# Week 2 In-Class Exercises

Let's start by grabbing our dataset. We'll be using a dataset of poker hands from UC Irvine located [here](http://archive.ics.uci.edu/ml/datasets/Poker+Hand). I've left them in the class Github folder for your convenience, but downloading them would look something like this:

In [22]:
download.file(url = "http://archive.ics.uci.edu/ml/machine-learning-databases/poker/poker-hand-training-true.data",
             destfile = "./poker_hands.csv")

Now we'll read them into R and create data frames, which we'll merge together using *rbind()*

In [23]:
poker.hands <- read.csv(file = "./poker_hands.csv")

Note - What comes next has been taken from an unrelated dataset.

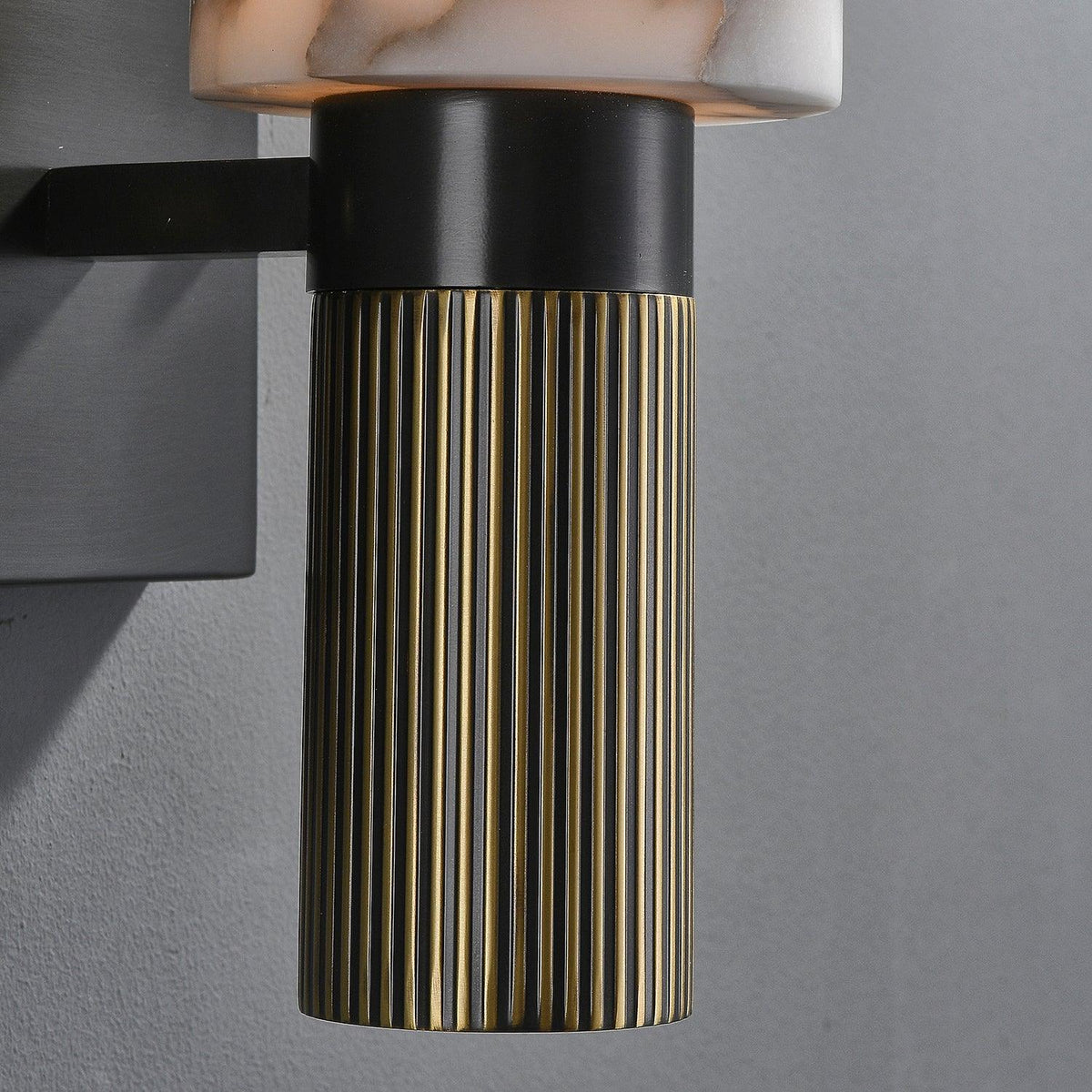 Aveninette aplique de pared alabastro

It's a good idea to start by exploring the data a bit...we'll do a few variations on this before we move on to the dplyr stuff.

In [24]:
head(poker.hands)
str(poker.hands)

X1,X10,X1.1,X11,X1.2,X13,X1.3,X12,X1.4,X1.5,X9
2,11,2,13,2,10,2,12,2,1,9
3,12,3,11,3,13,3,10,3,1,9
4,10,4,11,4,1,4,13,4,12,9
4,1,4,13,4,12,4,11,4,10,9
1,2,1,4,1,5,1,3,1,6,8
1,9,1,12,1,10,1,11,1,13,8


'data.frame':	25009 obs. of  11 variables:
 $ X1  : int  2 3 4 4 1 1 2 3 4 1 ...
 $ X10 : int  11 12 10 1 2 9 1 5 1 1 ...
 $ X1.1: int  2 3 4 4 1 1 2 3 4 2 ...
 $ X11 : int  13 11 11 13 4 12 2 6 4 1 ...
 $ X1.2: int  2 3 4 4 1 1 2 3 4 3 ...
 $ X13 : int  10 13 1 12 5 10 3 9 2 9 ...
 $ X1.3: int  2 3 4 4 1 1 2 3 4 1 ...
 $ X12 : int  12 10 13 11 3 11 4 7 3 5 ...
 $ X1.4: int  2 3 4 4 1 1 2 3 4 2 ...
 $ X1.5: int  1 1 12 10 6 13 5 8 5 3 ...
 $ X9  : int  9 9 9 9 8 8 8 8 8 1 ...


The dataset is tidy, but it's pretty ambiguous. We can get some information about it from the [description file](http://archive.ics.uci.edu/ml/machine-learning-databases/poker/poker-hand.names) that will help us understand it, but we can also do a lot with dplyr to help make the dataset more useful and maybe draw some conclusions about it. 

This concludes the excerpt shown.